По окончании музыки, в первом часу ночи садились ужинать. Ужин бывал сытный и с обильными возлияниями. Иногда после ужина Глазунов или кто-нибудь другой играли на фортепиано что-нибудь свое новое, только что сочиненное или только что аранжированное, в 4 руки. Расходились поздно, в 3-м часу. Некоторые, не удовольствовавшись выпитым за ужином, распростившись с хозяином, уходили, не говоря дурного слова, в ресторан, где «продолжали». Иногда после ужина, во время музыки, появлялась на столе одна-другая бутылка шампанского, которую немедленно распивали, чтобы «вспрыснуть» новое сочинение.
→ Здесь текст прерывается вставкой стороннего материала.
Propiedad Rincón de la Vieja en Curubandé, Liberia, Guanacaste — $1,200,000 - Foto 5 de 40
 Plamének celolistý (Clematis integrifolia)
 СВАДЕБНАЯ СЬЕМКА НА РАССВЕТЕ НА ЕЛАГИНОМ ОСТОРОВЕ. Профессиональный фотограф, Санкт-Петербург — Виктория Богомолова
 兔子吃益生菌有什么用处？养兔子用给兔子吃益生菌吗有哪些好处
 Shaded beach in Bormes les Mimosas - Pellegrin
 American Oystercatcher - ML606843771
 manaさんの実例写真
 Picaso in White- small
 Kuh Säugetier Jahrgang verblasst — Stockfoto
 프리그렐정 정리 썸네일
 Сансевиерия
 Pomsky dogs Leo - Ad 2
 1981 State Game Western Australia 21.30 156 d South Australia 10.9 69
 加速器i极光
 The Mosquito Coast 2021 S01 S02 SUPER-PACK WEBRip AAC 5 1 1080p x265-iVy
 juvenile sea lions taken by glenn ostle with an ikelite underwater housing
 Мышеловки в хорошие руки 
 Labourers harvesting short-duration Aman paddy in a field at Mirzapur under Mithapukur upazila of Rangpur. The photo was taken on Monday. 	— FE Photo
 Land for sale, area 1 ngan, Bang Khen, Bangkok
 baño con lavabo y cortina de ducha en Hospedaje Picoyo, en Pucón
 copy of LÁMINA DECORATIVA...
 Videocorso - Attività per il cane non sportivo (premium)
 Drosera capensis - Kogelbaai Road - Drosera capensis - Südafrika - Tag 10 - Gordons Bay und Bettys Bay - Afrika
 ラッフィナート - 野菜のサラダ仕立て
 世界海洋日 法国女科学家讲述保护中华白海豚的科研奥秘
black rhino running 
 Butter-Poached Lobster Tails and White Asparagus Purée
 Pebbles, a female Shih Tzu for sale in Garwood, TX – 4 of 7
С течением времени, в последующие годы «пятницы» становились все многолюднее. Стали бывать окончивший консерваторию Феликс Блуменфельд и брат его Сигизмунд. К квартетной музыке прибавились и трио, и квинтеты, и т. п. с фортепиано. Появлялись и другие пианисты, иногда заезжие. Консерваторская молодежь, окончившая у меня курс, тоже стала посещать беляевские пятницы. Объявилось много скрипачей. Ал. К.Глазунов, поигрывавший на виолончели, тоже принимал участие в квинтетах, секстетах и октетах. Усилились и возлияния за ужином. Появился и Вержбилович. Но об этом после.